By Kirstin Ridley and Emma Rumney
LONDON (Reuters) - Former bosses of Lloyds Banking Group (L:LLOY) used "spin and sales puff" to win over investors and secure a "disastrous" acquisition of rival HBOS during the credit crisis, a lawyer for thousands of shareholders told London's High Court on Wednesday.
Around 6,000 Lloyds investors, who are seeking around 550 million pounds in damages, allege that five former directors at Lloyds, including ex-CEO Eric Daniels, concealed information about HBOS's financial position in 2008 and 2009 and breached their duties by recommending the purchase.
On the first day of a 14-week London trial, the claimant's lawyer Richard Hill told the court that the deal saved HBOS from nationalisation but looked like a catastrophe for Lloyds within days of completion in early 2009.
"We say shareholders were indeed mugged," Hill said, adding that former Lloyds executives such as Daniels also glossed over severe problems with HBOS's liquidity and corporate loan portfolio when presenting the case to the board.
Lloyds, Britain's largest retail bank, and the individual defendants, who include former chairman Victor Blank, Tim Tookey, the former finance director, Helen Weir, the former head of retail and Truett Tate, the former head of wholesale banking, deny any wrongdoing.
"The group's position remains that we do not consider there to be any merit to these claims and we will robustly contest this legal action," the bank said in a statement. All defendants are being collectively represented by Lloyds lawyers.
It is the second British investor lawsuit against a bank stemming from the credit crisis - and the first to go to trial. Royal Bank of Scotland (L:RBS) reached an out-of-court settlement over a 2008 cash call shortly before a trial scheduled in June.
HBOS, formed from the merger in 2001 of former English building society Halifax and the 300-year-old Bank of Scotland, was close to collapse in 2008 after the failure of Lehman Brothers caused money markets to seize up, meaning HBOS could not get the funding it needed for its ballooning loan book.

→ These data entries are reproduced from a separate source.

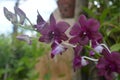 Purple orchid Picture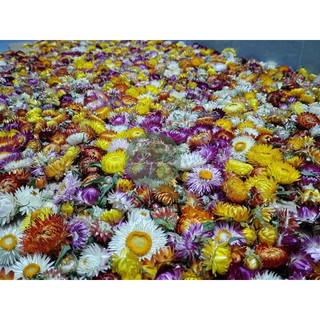 ❤️(Sỉ từ 0.5kg) Hoa Cúc Bất Tử khô trang trí decor (10 Đầu bông)❤️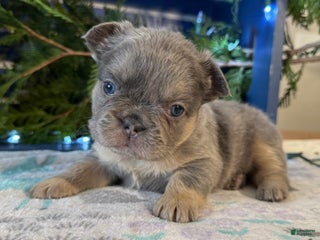 French Bulldog dogs Diane - Ad 35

Lloyds shareholders allege the subsequent government-brokered takeover of HBOS, that valued the struggling bank at around 5.9 billion pounds, wiped billions off the bank's market value. Lloyds itself then had to be rescued with a 20.5 billion- pound government bailout in 2009.
Investors allege Lloyds secretly loaned HBOS 10 billion pounds in 2008 so it could continue trading and that the bank's directors did not disclose that HBOS was receiving emergency support from the Bank of England and the U.S. Federal Reserve, which peaked at about 25.6 billion pounds and $18 billion (£13.6 billion) respectively.
Hill said Daniels and Blank were put under pressure by the government in 2008 to rescue HBOS but owed their allegiance to Lloyds shareholders.
Lloyds, which has returned to profit and emerged from state ownership in May, denies the claims and says the bank and the ex-directors all acted properly.